[Image-text web data]
● ● ● ●

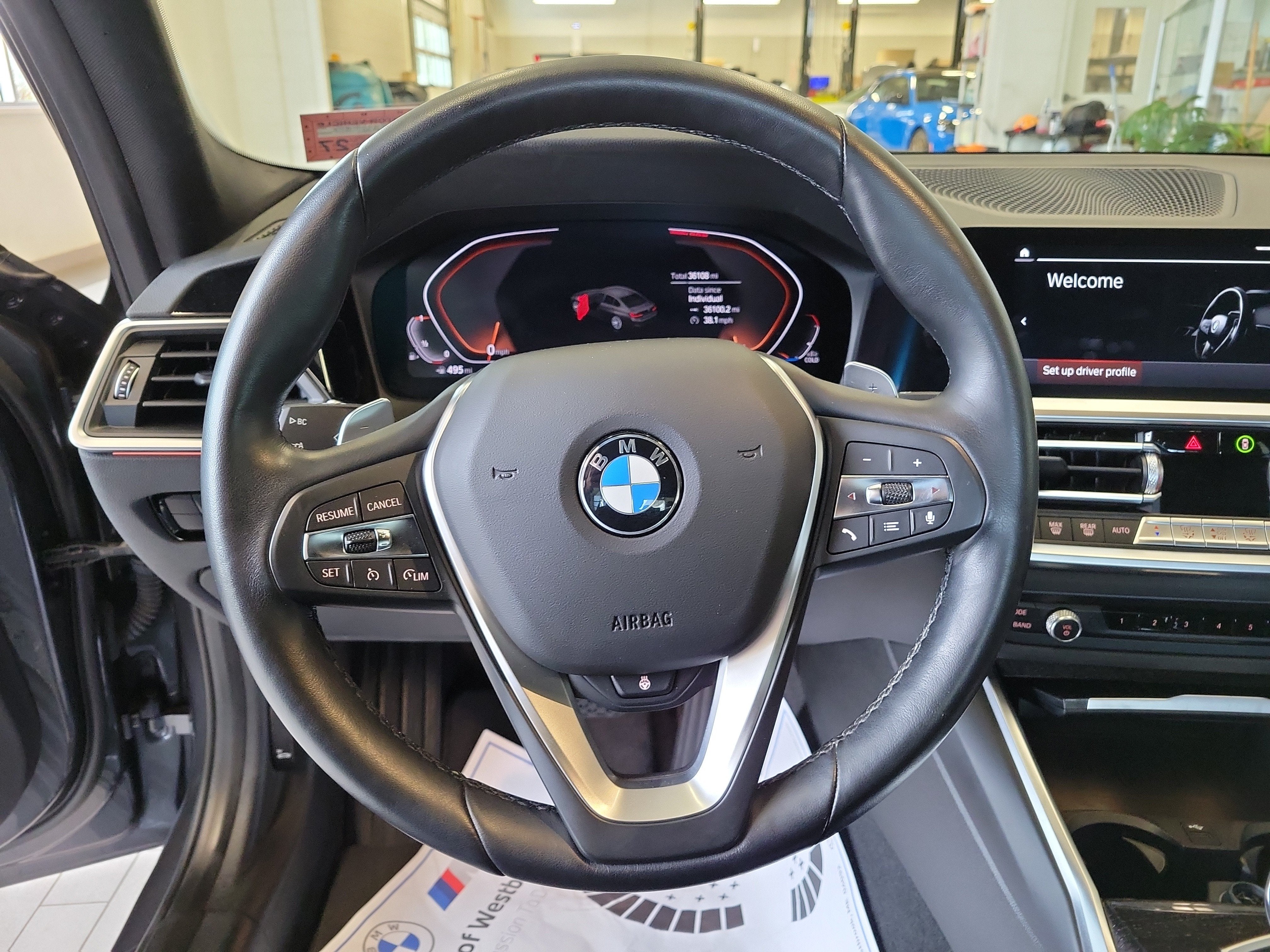 2021 BMW 3 Series 330i xDrive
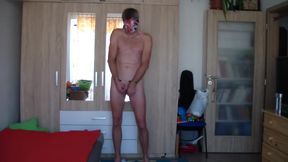 my husband ´s colleague is my slave for fun - femdom cheating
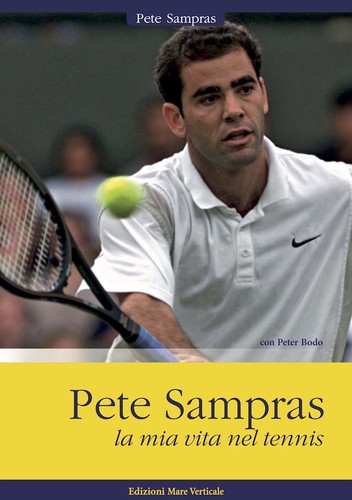 Libri pete sampras peter - sampras,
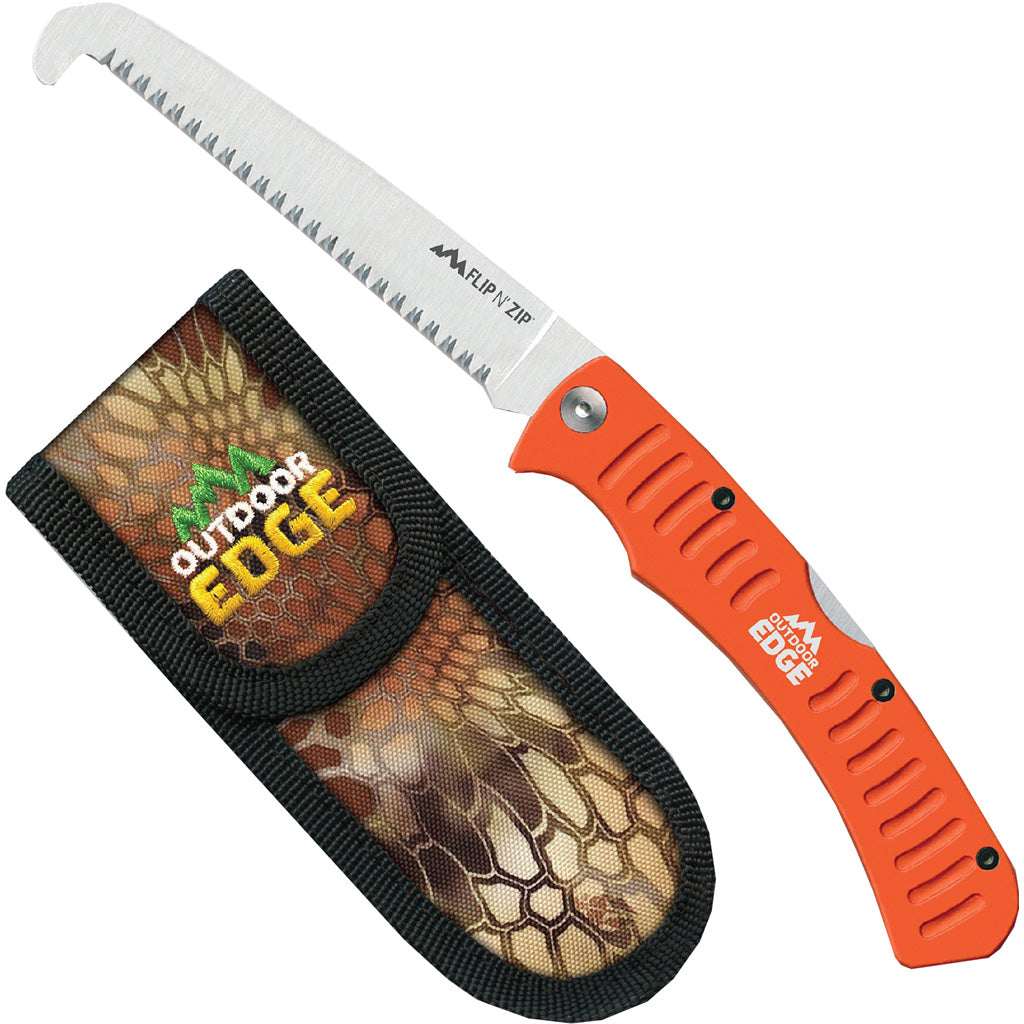 Outdoor Edge Flip N Saw - Front View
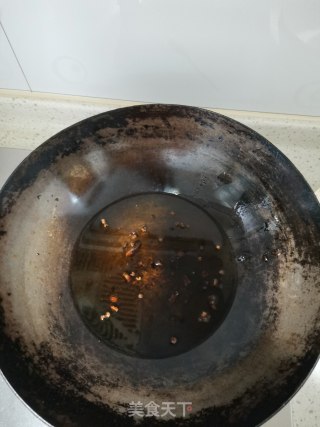 冬笋豆腐丸子的做法步骤：5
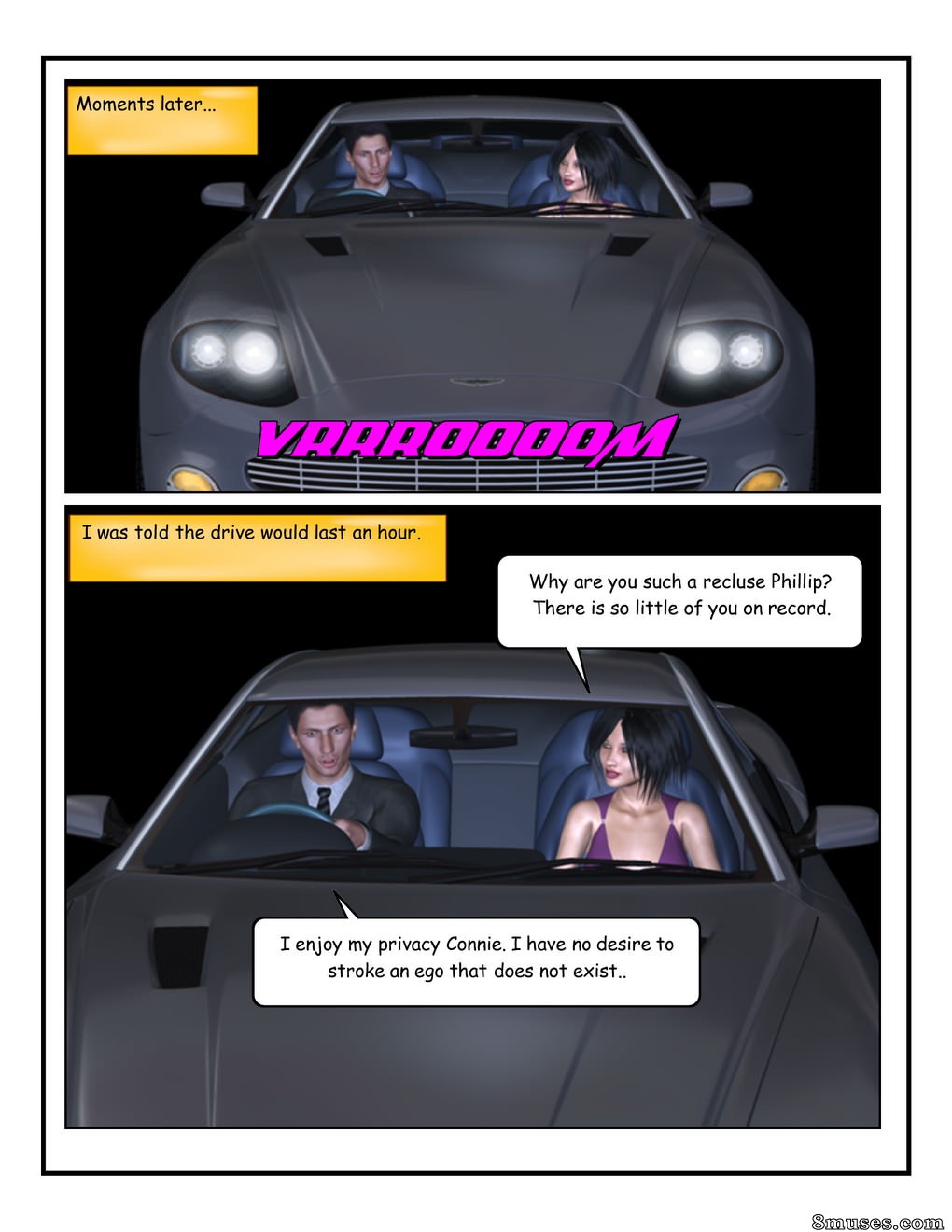 Entretien d'une vie - Numéro 1 - Page 11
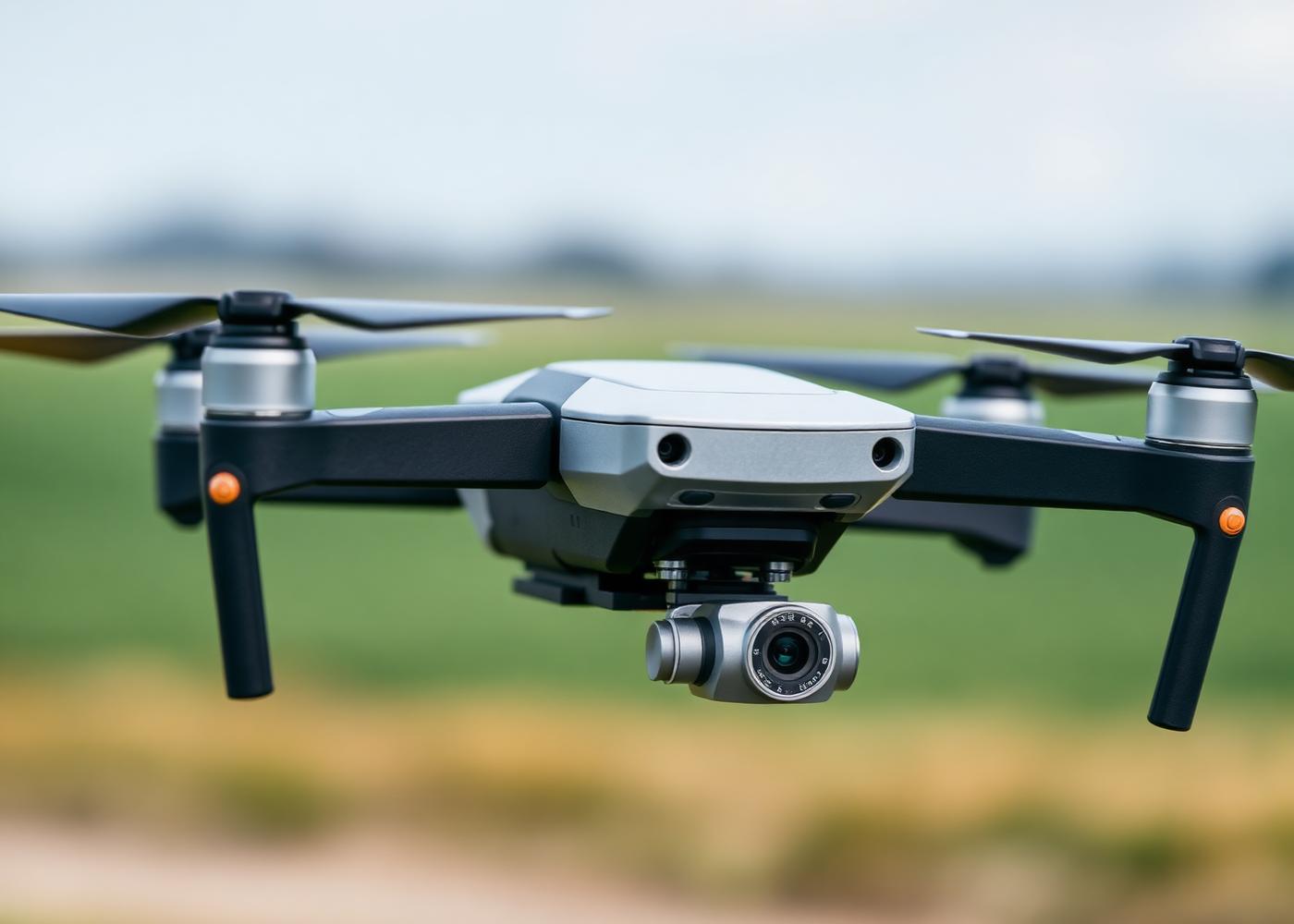 Dron pomiarowy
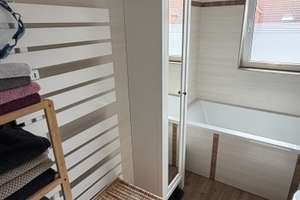 Sofort bezugsfreie 3-Raumwohnung mit Einbauküche und Stellplatz – Buchener Straße 28, 4178 Böhlitz-Ehrenberg, Leipzig – Vorschaubild 10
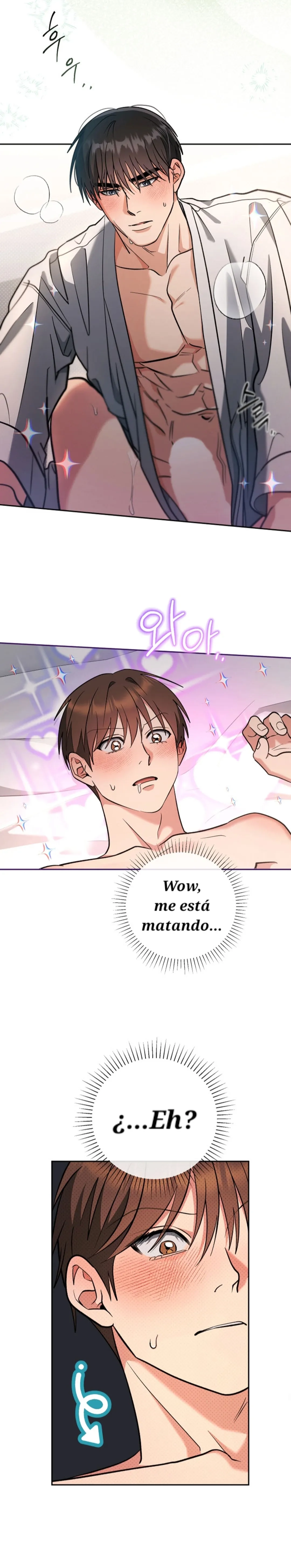 Romance no romántico Capitulo 20 página 19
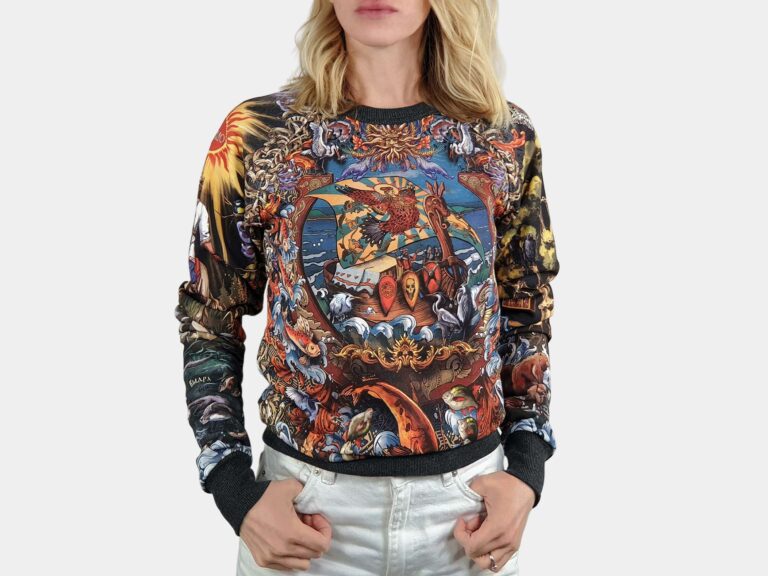 ВАРЯГИ [СВИТШОТ УНИСЕКС]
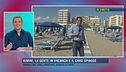 Rimini, la gente in vacanza e il caro spiagge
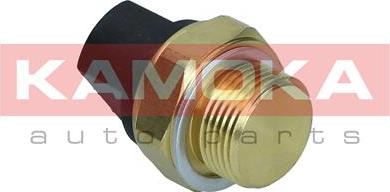 Kamoka 4090016 - Термовимикач, вентилятор радіатора / кондиціонера autocars.com.ua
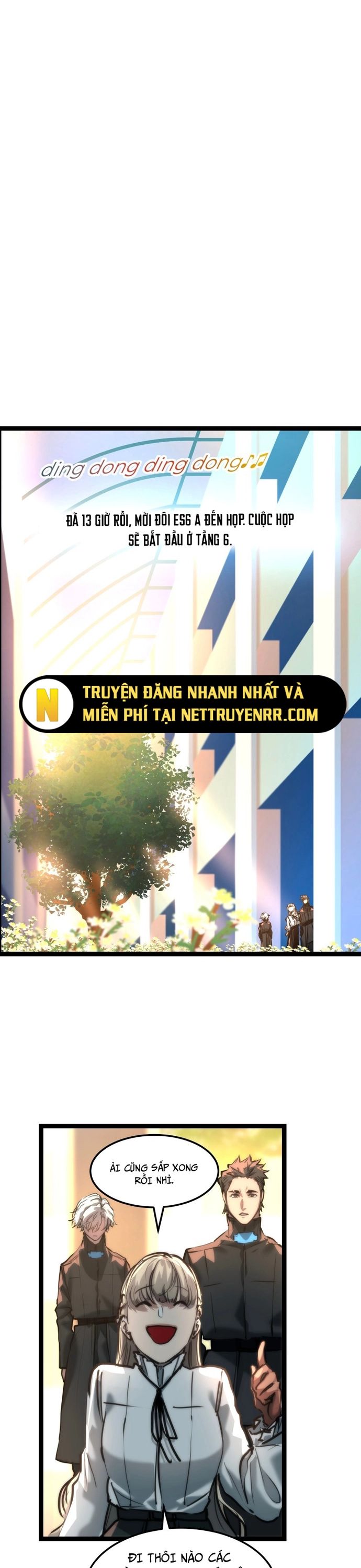 Cột Sống Đỏ Chương 18 Ảnh 33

● ● ● ●

**TASK INSTRUCTIONS**
An exact retyping of the entries, without images, is the required answer.

**ANSWER**
 2021 BMW 3 Series 330i xDrive
 my husband ´s colleague is my slave for fun - femdom cheating
 Libri pete sampras peter - sampras,
 Outdoor Edge Flip N Saw - Front View
 冬笋豆腐丸子的做法步骤：5
 Entretien d'une vie - Numéro 1 - Page 11
 Dron pomiarowy
 Sofort bezugsfreie 3-Raumwohnung mit Einbauküche und Stellplatz – Buchener Straße 28, 4178 Böhlitz-Ehrenberg, Leipzig – Vorschaubild 10
 Romance no romántico Capitulo 20 página 19
 ВАРЯГИ [СВИТШОТ УНИСЕКС]
 Rimini, la gente in vacanza e il caro spiagge
 Kamoka 4090016 - Термовимикач, вентилятор радіатора / кондиціонера autocars.com.ua
 Cột Sống Đỏ Chương 18 Ảnh 33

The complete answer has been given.